On the 8th of May, 1689, at the post St. Antoine, on the Wisconsin side of Lake Pepin, a short distance above the Chippewa River, in the presence of the Jesuit missionary, Joseph J. Marest, Boisguillot,[526] a trader near the mouth of the Wisconsin River, Pierre Le Sueur, whose name was afterward identified with the exploration of the Minnesota, and a few others, Perrot took possession of the country of the rivers St. Croix, St. Pierre, and the region of Mille Lacs, in the name of the King of France.
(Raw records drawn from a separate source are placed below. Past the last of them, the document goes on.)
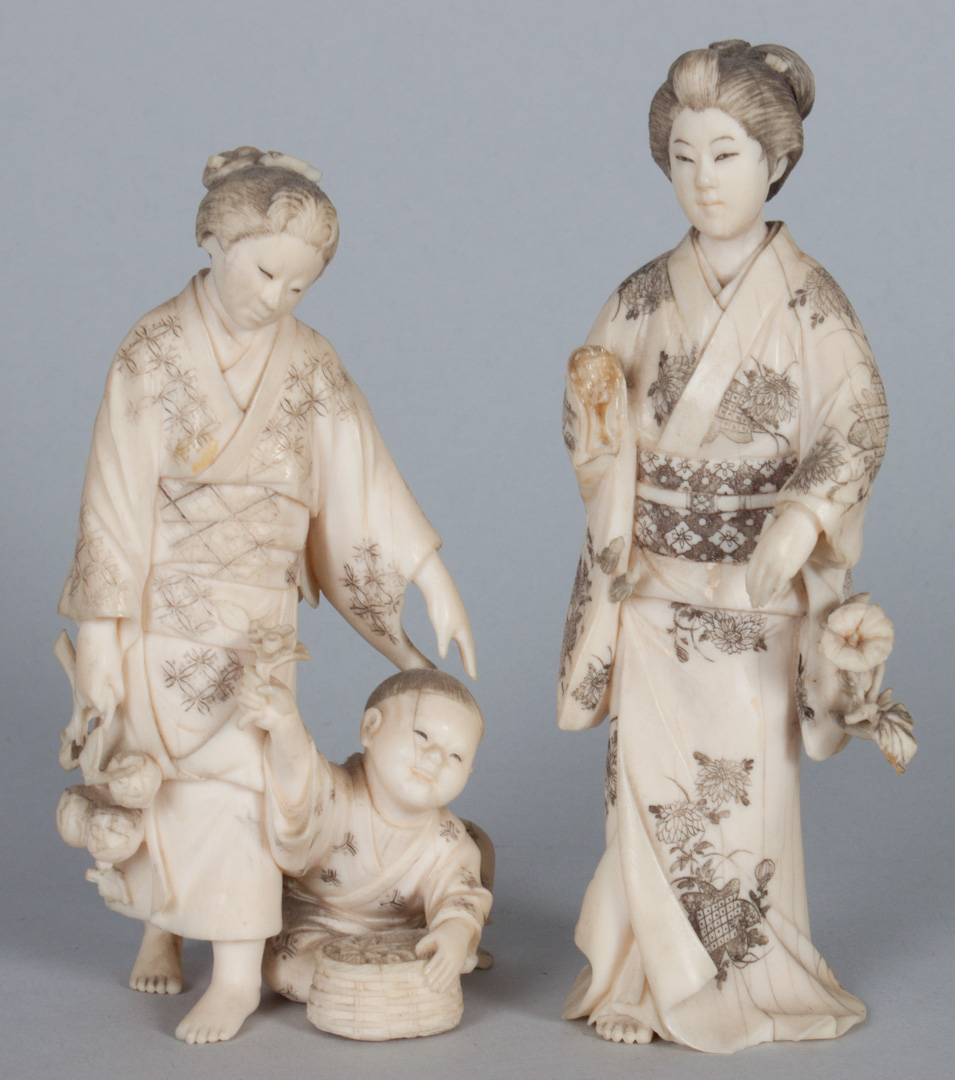 Appraisal: Two Japanese carved ivory figures Mother and child group and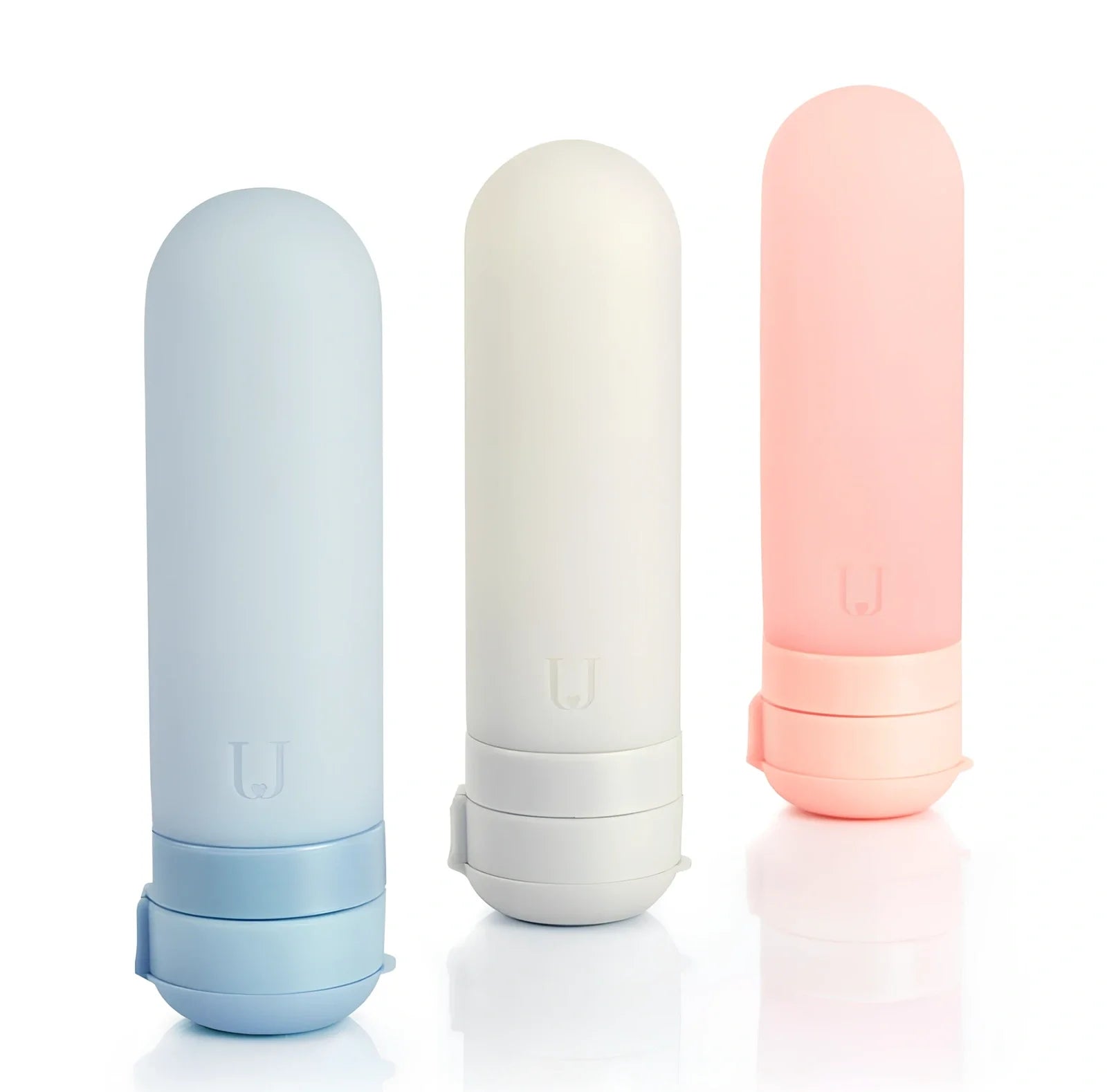 Set of three silicone travel bottles in light grey, pink, and blue colours with screw caps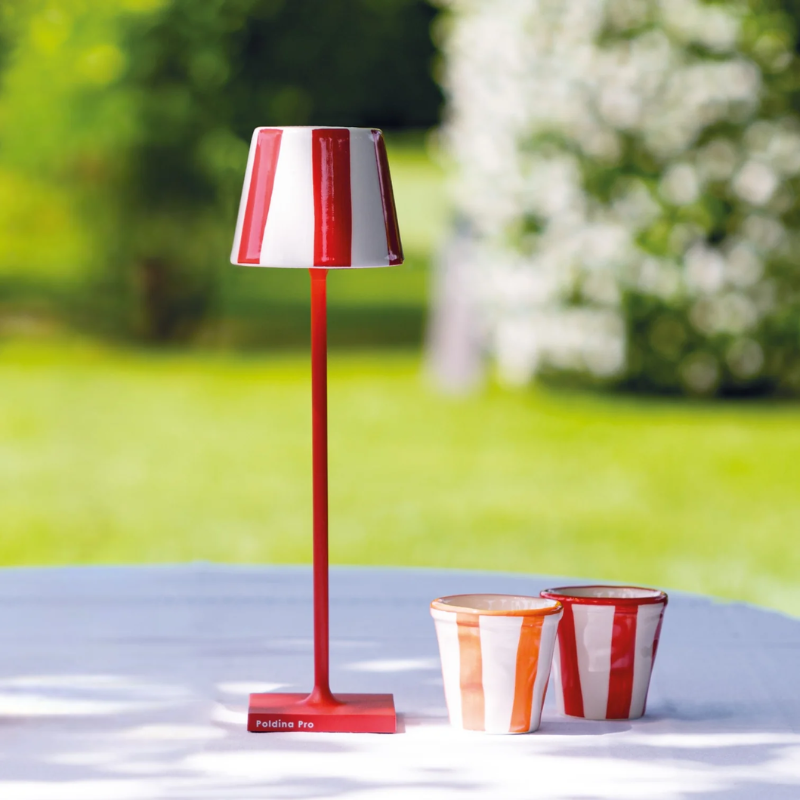 The Poldina Pro Micro Lido from Zafferano outdoors on top of a cafe table in a garden space. all-groups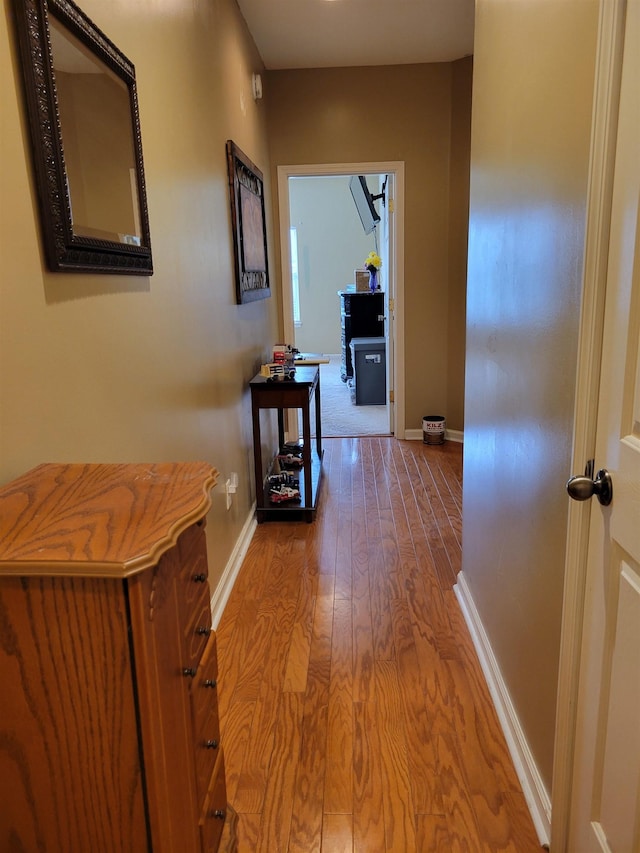 corridor with hardwood / wood-style floors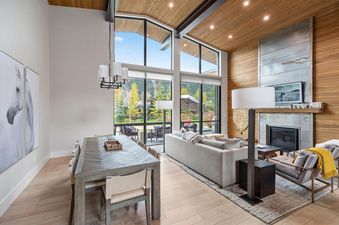 A modern, open-concept living and dining area with large windows, a fireplace, and stylish furnishings.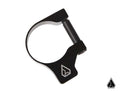 The Assault Industries M10 Accessory Clamp is a black metal clamp with a cylindrical hinge and a white geometric logo. Its displayed on a plain white background with a smaller version of the logo in the bottom right corner.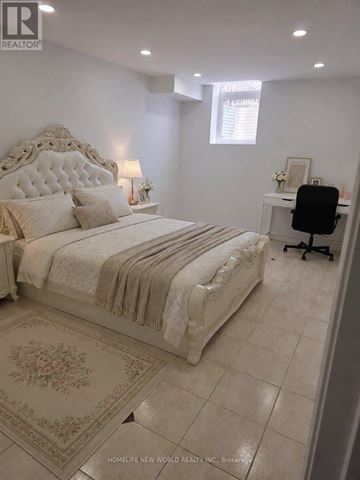 Markham (Middlefield) apartment for rent - A bedroom with a large bed and a desk with a chair.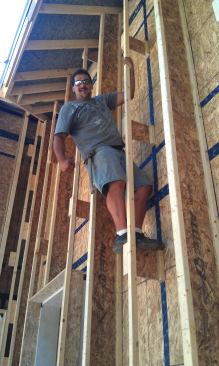 His crew is calling it the "Corson truss" — a hybrid member built up out of ripped 2x stock and short pieces of wood I-joist, used to fatten walls for super-insulation. Here, carpenter Luke Small stands on a truss web to test the system's strength. It's plenty rugged, says Corson — but on balance, he's not sure it's practical for the entire wall.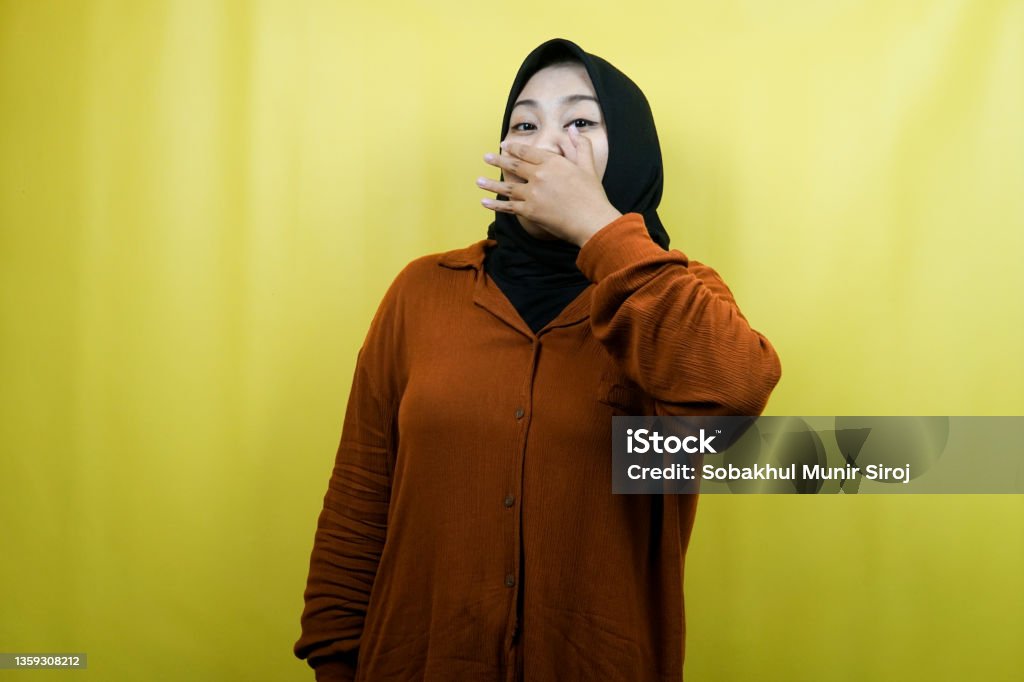 Beautiful young asian muslim woman surprised, shocked, with hands covering mouth, isolated 20-24 Years Stock Photo
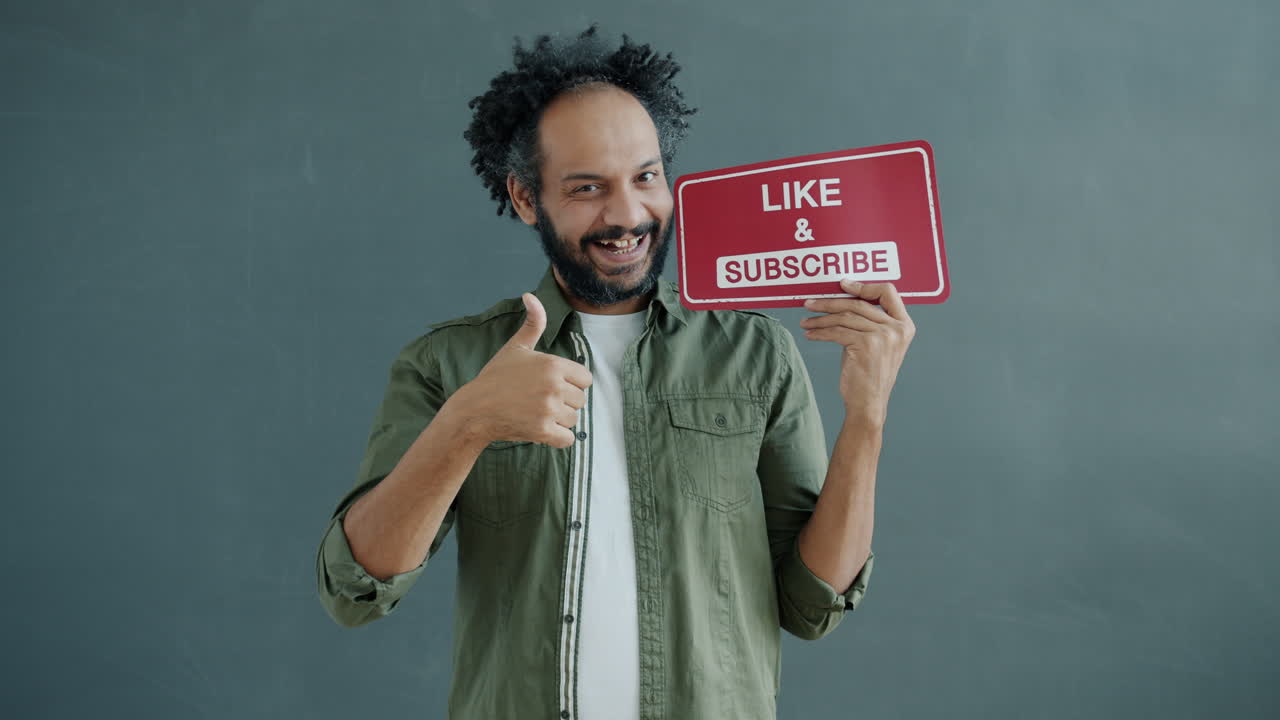 Uomo che regge un cartello con scritto 'Metti Mi Piace e Iscriviti'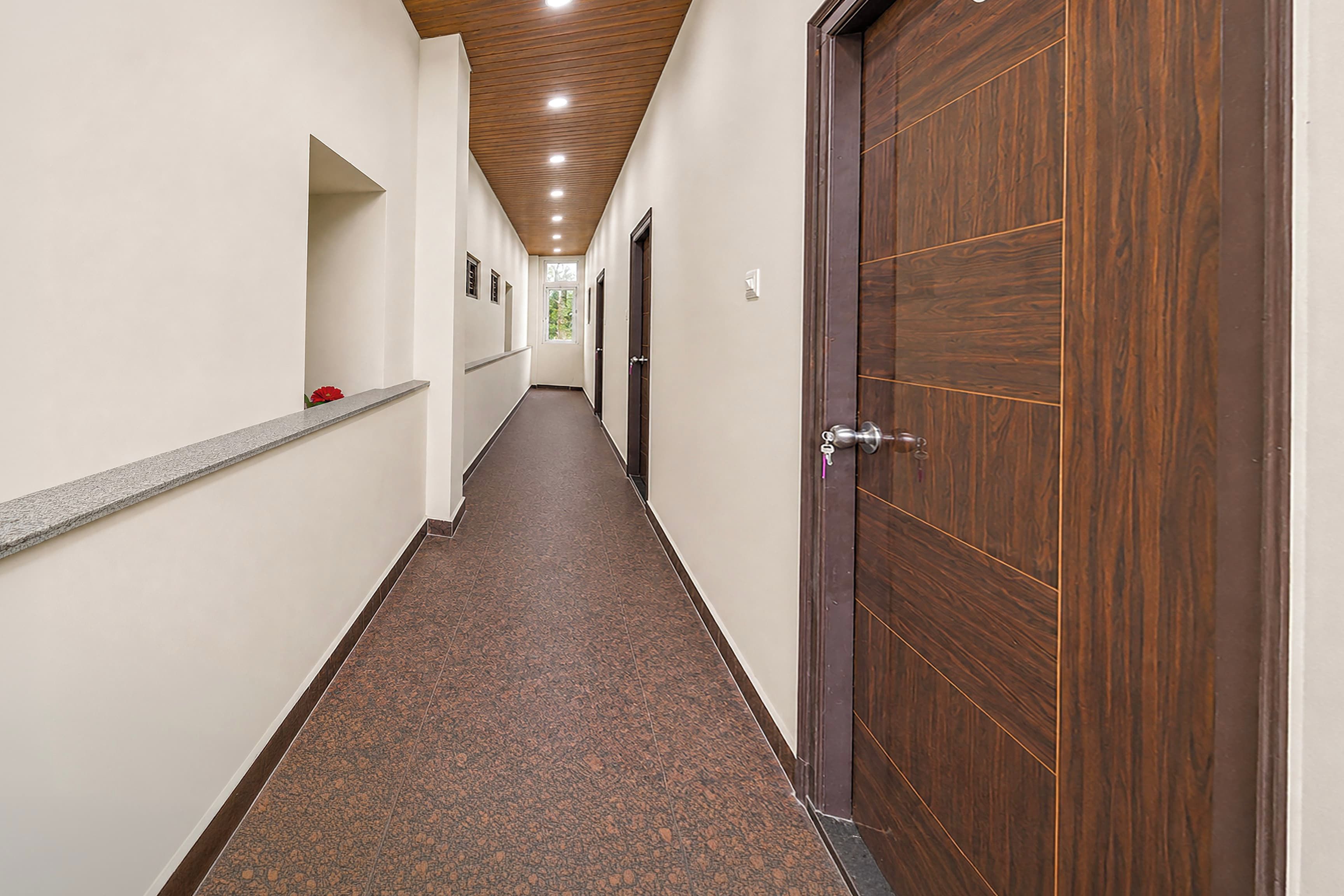 A long, narrow hallway with a wooden ceiling and a carpeted floor.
When he returned to Montreal, he found a great change had occurred in political affairs. It had become evident that the Iroquois were mere agents of the English. The Albany traders had searched the land between the Hudson River and Lake Erie, and had made a report that the Valley of the Genesee was fertile and beautiful to behold, and every year an increasing number of pale-faces wandered among the Indian villages toward Lake Ontario. Old officers in Canada saw that their only hope was to destroy the source of supply to the Iroquois. The question to be determined was whether the King of France or the King of England should control the region of the Great Lakes. Chevalier de Callières, who had seen much service in Europe, and was in command of the troops in Canada, insisted that decisive steps should be taken. The crisis was hastened by the arrival of the intelligence that a revolution had occurred in England, and that William and Mary had been acknowledged. Callières wrote to Seignelay relative to the condition of affairs: “It would be idle to flatter ourselves with the hope to find them improved since the usurpation of the Prince of Orange, who will be assuredly acknowledged by Sir Andros,[527] who is a Protestant, born in the Island of Jersey, and by New York, the inhabitants whereof are mostly Dutch, who planted this colony under the name of New Netherland, all of whom are Protestant.”

He urged that the war should be carried into New York, and that a force be sent strong enough to seize Albany, and then to move down and capture Manhattan. “It will give his Majesty,” he said, “one of the finest harbors in America, accessible at almost all seasons, and it will give one of the finest countries of America, in a milder and more fertile climate than that of Canada.” The sequel was a conflict of drilled troops under European officers upon the borders of New England and New York.

[CRITICAL ESSAY ON THE SOURCES OF INFORMATION.]

1609-1640.—The Voyages of Champlain, as published in 1632 at Paris, are valuable in facts pertaining to discovery along the shores of Lake Champlain and Lake Huron; but the book is the subject of special treatment in another chapter.[528] The Grand Voyage of Sagard[529] contains little more than what may be found in Champlain and the Relations of the Jesuit missionaries. Charlevoix mentions that Sagard passed “some time among the Hurons, but had not time to see things well enough, still less to verify all that was told him.”